(都市)
井梨觉得自己醒得够早了,但房间里还是空荡荡只剩她一缕鬼影。面无表情在床上坐了几分钟,她赤脚下地,把窗敞开,趴在那里慢悠悠享用完一支香烟,任由凉丝丝的风把自己灌醒。
再回去时,一室清爽,不见丝毫颓靡痕迹。
除了她睡的那边床,衣服、被子、用过的套通通被清理干净。井梨唇边抹上一缕笑,咬下了嘴角,哼起歌来踮脚去到浴室。
泡澡的时候,体内某处还在隐约喧闹的繁荣提醒后半夜略显荒唐的一切。
井梨半睁开眼望着烟雾缭绕的天花板走神,轻轻用掌心舀起水和泡沫,很无聊,但难得有时间让她这样虚度光阴。
就像晋今源昨晚疯狂在她身上留下痕迹的每个时刻,她一边沉沦一边抗拒,整个过程头脑都是清明的,更加深刻体验到那种无论经历多少次都复杂的极致感受。

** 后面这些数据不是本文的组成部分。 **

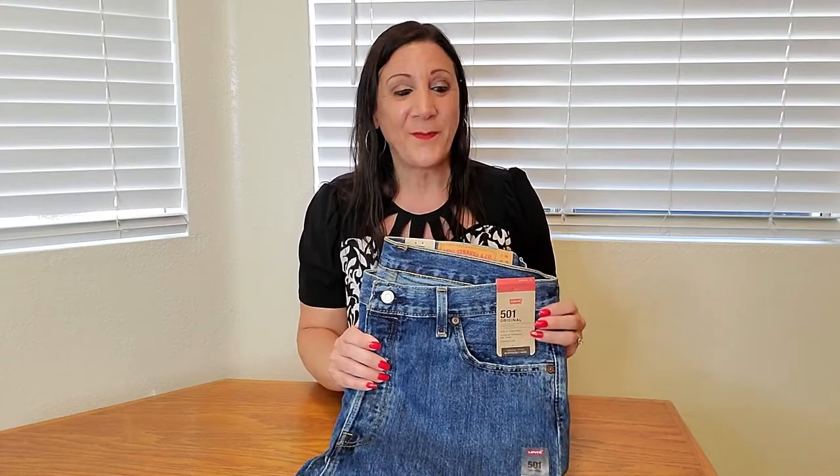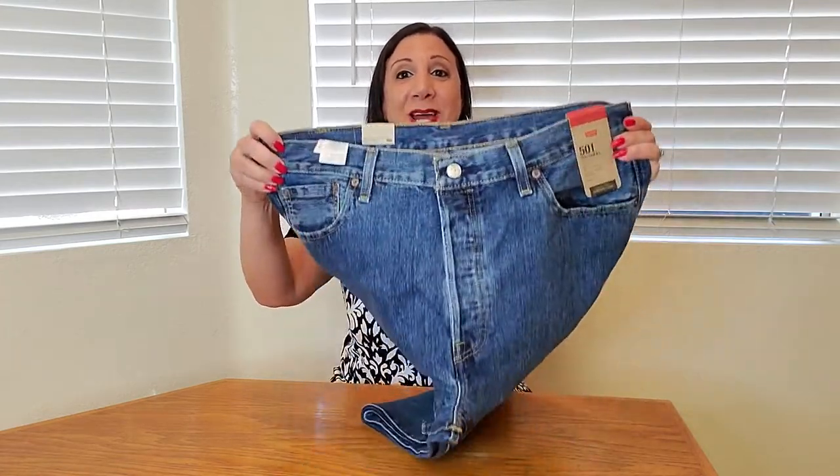These are the Levi's 501 original fit jeans and they're so iconic. They sit at the waist and are regular fit throughout the thigh. They also have straight legs and a button fly.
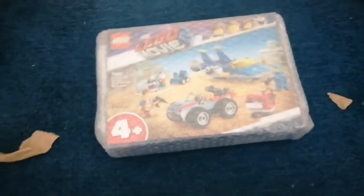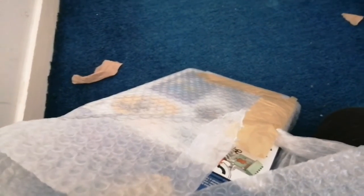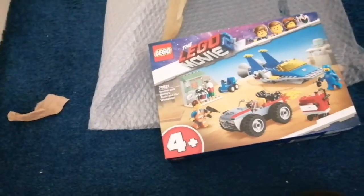Yes! Do you see it? Do you see it, bro? Do you see this sausage? Do you see it in this box? Yes! Did you guess? It is Emmett and Benny's Build and Fix Workshop!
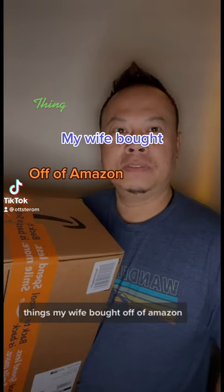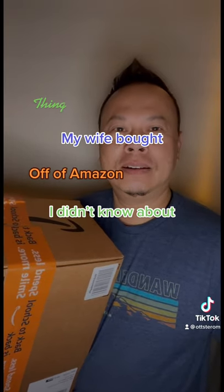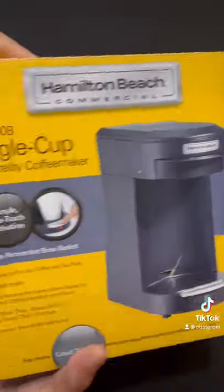Thanks, my wife bought off of Amazon — I didn't know about it. Alright guys, today we are unboxing a package that came in on Amazon today.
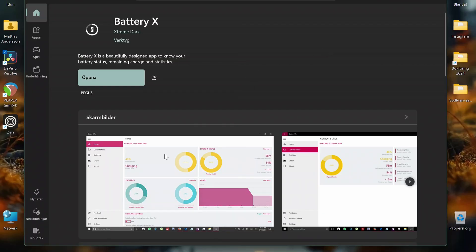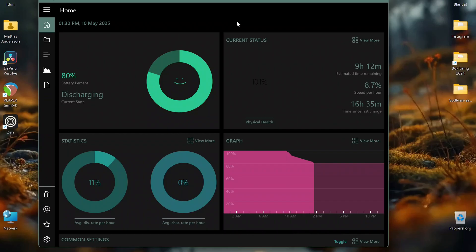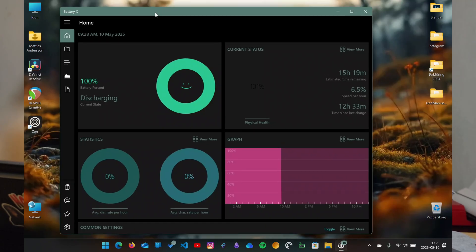When checking in BatteryX — that's an app you can find in the Microsoft Store — I get a drainage of around 8%. So from 15 to 8% just by changing the color profile. That's quite good, and this is running the laptop in optimized mode.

也就是几个小时前的事,她再一次见到那个总是镇定冷静的男人失控,在耳畔炸开的呼吸令人心悸,可那当下她只有紧紧攀住他这一种选择,在紧绷湿透的肌肉上留下一排排齿痕。
谁都不甘示弱。
明明那晚在灿雅是醉的状态,可和戴雨灿的对话井梨记得一清二楚,像十几岁讨论那些事一样,心情总如少女般轻盈,大胆又羞涩。
某人也像十年前一样,体力不竭,有时横冲直撞还带些青涩,总像歪打正着似地不经意精准触碰禁区。事实是了熟于心。因此他少年般的自负却总能给她无尽新鲜和刺激。
井梨爱死快要死在自己身上的晋今源,有时候会希望世界陷入永夜才好。
几个瞬间在脑海里像飞沙走石,井梨浑身猛地一颤,肌肤冒出层小疙瘩,毛孔收紧的电流感将人唤醒。
水凉透了。
井梨把眼一睁,湿漉漉的脸上每个棱角只见冷冻的霜态,她不紧不慢起身,从容掌握时间,精致到每一根睫毛的弧度。
等手机屏幕一闪,将口红一扔,掐着点下楼。
一大早厨房就有烟火气,其实是一种人情味。井梨恍惚一瞬而已,早更习惯自己居住的地方是一片压抑的冷色。
吴月梅探出个脑袋,招呼她吃早餐。
看到玄关多出的鞋,吴月梅就多备了一些吃的,虽然不知道井梨为什么突然回这边。
“好好还没醒,我熬了小米粥,酱木瓜也拿出来了。”
井梨感慨两声:“真幸福啊……”也不知道是羡慕能没有顾忌睡到自然醒的小朋友还是醒来就能吃到早餐的自己。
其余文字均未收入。